I have recordings of my mother chatting, complaining and laughing and they all bring solace, even some laughs, to all of us who miss her.
I wish you strength and do take good care of yourself too.
Me too Emma. I was sent the recording of my Mum on the radio when she was talking about the cancer charity she and her team were raising money for. You are right it is very comforting. Ive also had orders to make cushion covers from the clothes of lost loved ones which they find a great comfort too. Little things mean so much to many ❤
If you ever find yourself wanting one, save your loved ones favourite item of clothing and send it to me. It could be a shirt, skirt, dress or trousers. Your cushion cover will have a zip, piping if you request it and the inner pad. A permenant reminder of the one you lost and so comforting to cuddle ❤
Hello I know your pain and I feel for you. I went through same. My husband was told on 6th Sept 2019 he would not make it through the liver transplant. That day I felt devestated, I took him home and cared for him. He passed away on 25.11.19 my world stopped. My heart is broken. I'm trying to take each day, I know I did my best for him. And he's got no more pain. Make each day special love your wife spend time with her making memories and remember the good days I will be thinking of you
I am very strongly sad to hear of the news you received. I too may find a transplant may not be possible. This is a condition that we all must go through. She will go in God's time, the main thing to remember is that in Heaven she will be cured and never face even the slightest affliction. Allow her to make her piece with God or even allow a Pastor to speak with her. It will help her a lot to know where she is going and will help you in knowing although the sadness of losing her is almost to horrific to bear. You can be assured she no longer suffers or ever will again for eternity!
Awe so sorry to hear your aweful news, not sure on what to say other than we are all here to give you support as much as we can. Sending you both big hugs..
Truly sorry you are both going through what is a very traumatic time..I cared for my mother during her final months,and it helped us both to talk about all the lovely, positive experiences we shared throughout our lives..
Just to let you know my wife passed on Saturday afternoon.

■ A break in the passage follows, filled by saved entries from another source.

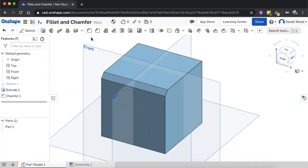Okay. So that's how to create a fillet and a chamfer in Onshape. Thanks for watching.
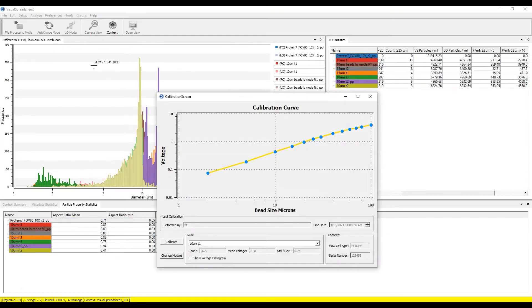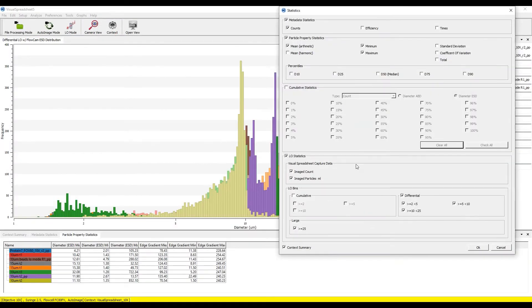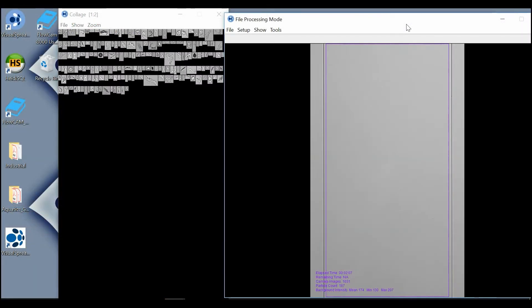With the FlowCam LO, you get the current industry standard in particle analysis combined with FlowCam's state-of-the-art flow imaging technology.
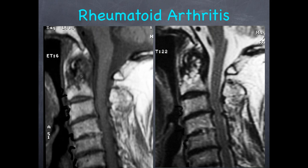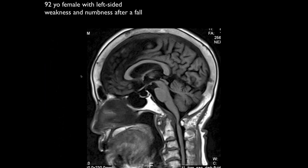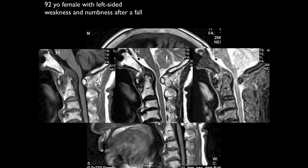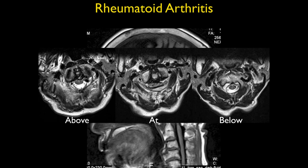Looking at this case: female with left-sided weakness and numbness after a fall. We see pannus formation around the dens process, erosion of the dens with significant mass effect on the cord, and narrowing of the canal. There is also signal in the cord. This is another case of rheumatoid arthritis at C1-C2. Once you see it and know to look for it, it's easy to find — but most cases in clinical practice are initially missed because if you're looking only for disc disease, you tend not to look at that level.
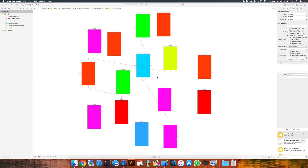As an iOS developer, chances are you've probably walked into a project and saw something like this. Maybe not all these bright colors, but probably one giant storyboard with like 20 or 30 view controllers. This is something we want to avoid, and we're going to learn how to break these up into different storyboards and load them dynamically when we need them.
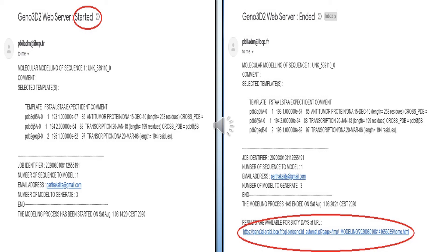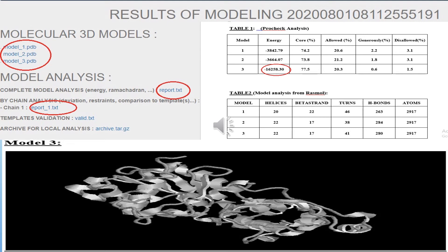After some time you will get one more email stating that your Xeno 3D web server has ended, meaning your results are ready. At the bottom of that email you will find a URL where the results are available for 60 days. Click that URL to see your results. You will see three different models — model 1.pdb, model 2.pdb, and model 3.pdb. Click on each model and it will be downloaded automatically. After downloading, you can visualize them using any visualization software.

She deteriorated quickly in the last week and had hepatic encephalopathy which she didn’t recover from.
I know the saying blessing in disguise is often said. In Carole’s situation it was. I’m glad she’s not suffering anymore.
Desperately sad to read your post. There’s no point in me trying to think of something consoling to say as nothing will ease your loss at this time. I don’t know you but to even have taken the time to let us know what you’re trying to deal with speaks volumes.
Night or day, any hour or minute, you will always have someone to share your grief with on this forum.
Take care of yourself at this time.
I can relate in some small way to you. My father was diagnosed with a non operable brain tumour in April ‘86, he passed away in November of that year. By the time of his death his deterioration was indescribable and my mother and I prayed everyday for “this to be the day”. He stayed at home throughout his illness. But even though we knew it was going to occur, afterwards all I recall was deep confusion. The pain of the loss came much later.
So I really mean it when I say take care of yourself at this time. Whatever you experience emotionally or physically will be different to anyone else. Let people help you. But most of all try to stay sane.